**DATA:**
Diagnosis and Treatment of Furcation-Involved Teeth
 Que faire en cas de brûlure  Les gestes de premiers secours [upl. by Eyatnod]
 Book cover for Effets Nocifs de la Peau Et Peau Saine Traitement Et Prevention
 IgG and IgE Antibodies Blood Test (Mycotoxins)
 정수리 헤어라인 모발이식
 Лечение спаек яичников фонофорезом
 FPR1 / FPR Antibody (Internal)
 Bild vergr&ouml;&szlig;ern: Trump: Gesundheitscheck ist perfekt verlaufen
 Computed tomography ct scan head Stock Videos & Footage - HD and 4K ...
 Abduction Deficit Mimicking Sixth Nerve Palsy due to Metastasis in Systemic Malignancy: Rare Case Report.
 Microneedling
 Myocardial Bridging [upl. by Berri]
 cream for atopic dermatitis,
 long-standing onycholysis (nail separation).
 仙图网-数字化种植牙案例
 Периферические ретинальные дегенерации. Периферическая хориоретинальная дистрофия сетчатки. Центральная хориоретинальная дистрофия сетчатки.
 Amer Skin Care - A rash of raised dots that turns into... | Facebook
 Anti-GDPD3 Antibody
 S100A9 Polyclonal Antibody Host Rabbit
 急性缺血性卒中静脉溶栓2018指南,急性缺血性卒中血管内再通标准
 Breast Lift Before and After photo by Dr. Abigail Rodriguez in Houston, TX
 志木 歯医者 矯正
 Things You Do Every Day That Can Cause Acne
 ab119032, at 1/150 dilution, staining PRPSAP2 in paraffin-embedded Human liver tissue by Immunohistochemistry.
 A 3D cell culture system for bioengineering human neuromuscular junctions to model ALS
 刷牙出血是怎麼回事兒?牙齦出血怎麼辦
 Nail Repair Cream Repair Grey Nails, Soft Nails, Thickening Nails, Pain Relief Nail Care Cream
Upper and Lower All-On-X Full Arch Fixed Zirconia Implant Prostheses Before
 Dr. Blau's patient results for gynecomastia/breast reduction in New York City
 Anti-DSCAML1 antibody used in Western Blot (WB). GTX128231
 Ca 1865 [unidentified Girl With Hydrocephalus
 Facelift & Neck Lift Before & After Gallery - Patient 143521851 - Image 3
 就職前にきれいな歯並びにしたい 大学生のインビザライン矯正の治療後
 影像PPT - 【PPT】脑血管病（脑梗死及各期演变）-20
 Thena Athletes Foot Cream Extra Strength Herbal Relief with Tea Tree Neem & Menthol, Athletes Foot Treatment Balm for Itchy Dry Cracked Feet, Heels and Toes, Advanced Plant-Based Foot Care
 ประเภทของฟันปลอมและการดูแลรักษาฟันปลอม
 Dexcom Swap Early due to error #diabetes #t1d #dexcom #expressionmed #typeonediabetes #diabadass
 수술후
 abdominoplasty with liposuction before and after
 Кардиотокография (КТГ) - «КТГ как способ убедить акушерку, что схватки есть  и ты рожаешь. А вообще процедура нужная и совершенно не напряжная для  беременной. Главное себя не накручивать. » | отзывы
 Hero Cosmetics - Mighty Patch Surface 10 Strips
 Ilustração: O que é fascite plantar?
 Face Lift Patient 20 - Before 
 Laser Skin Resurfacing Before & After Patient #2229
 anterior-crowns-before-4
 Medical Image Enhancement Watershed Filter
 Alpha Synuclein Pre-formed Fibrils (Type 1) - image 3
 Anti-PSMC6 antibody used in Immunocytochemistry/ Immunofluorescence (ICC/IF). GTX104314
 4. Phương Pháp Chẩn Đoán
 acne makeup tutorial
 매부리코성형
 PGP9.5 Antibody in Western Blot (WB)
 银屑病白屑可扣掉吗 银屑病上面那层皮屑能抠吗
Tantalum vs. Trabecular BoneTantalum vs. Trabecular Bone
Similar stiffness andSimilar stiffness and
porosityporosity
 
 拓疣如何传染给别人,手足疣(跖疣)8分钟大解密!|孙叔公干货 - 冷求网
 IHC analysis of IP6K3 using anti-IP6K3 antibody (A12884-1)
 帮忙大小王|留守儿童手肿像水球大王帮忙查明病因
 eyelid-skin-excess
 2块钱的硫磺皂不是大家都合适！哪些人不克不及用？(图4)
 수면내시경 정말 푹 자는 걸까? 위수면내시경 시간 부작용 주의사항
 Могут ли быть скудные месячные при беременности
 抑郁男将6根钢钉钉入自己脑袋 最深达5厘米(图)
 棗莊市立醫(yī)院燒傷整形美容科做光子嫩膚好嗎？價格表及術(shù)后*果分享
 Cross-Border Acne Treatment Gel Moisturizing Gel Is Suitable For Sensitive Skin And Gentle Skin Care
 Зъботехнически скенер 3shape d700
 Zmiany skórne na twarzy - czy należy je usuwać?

**WHAT THE TASK REQUIRES:**
Send back exactly the lines of the listing above starting at the one with "Периферические ретинальные дегенерации." and ending at the one with "ab119032, at 1/150", inclusive, and no others.

**ANSWER TO THIS PROBLEM:**
 Периферические ретинальные дегенерации. Периферическая хориоретинальная дистрофия сетчатки. Центральная хориоретинальная дистрофия сетчатки.
 Amer Skin Care - A rash of raised dots that turns into... | Facebook
 Anti-GDPD3 Antibody
 S100A9 Polyclonal Antibody Host Rabbit
 急性缺血性卒中静脉溶栓2018指南,急性缺血性卒中血管内再通标准
 Breast Lift Before and After photo by Dr. Abigail Rodriguez in Houston, TX
 志木 歯医者 矯正
 Things You Do Every Day That Can Cause Acne
 ab119032, at 1/150 dilution, staining PRPSAP2 in paraffin-embedded Human liver tissue by Immunohistochemistry.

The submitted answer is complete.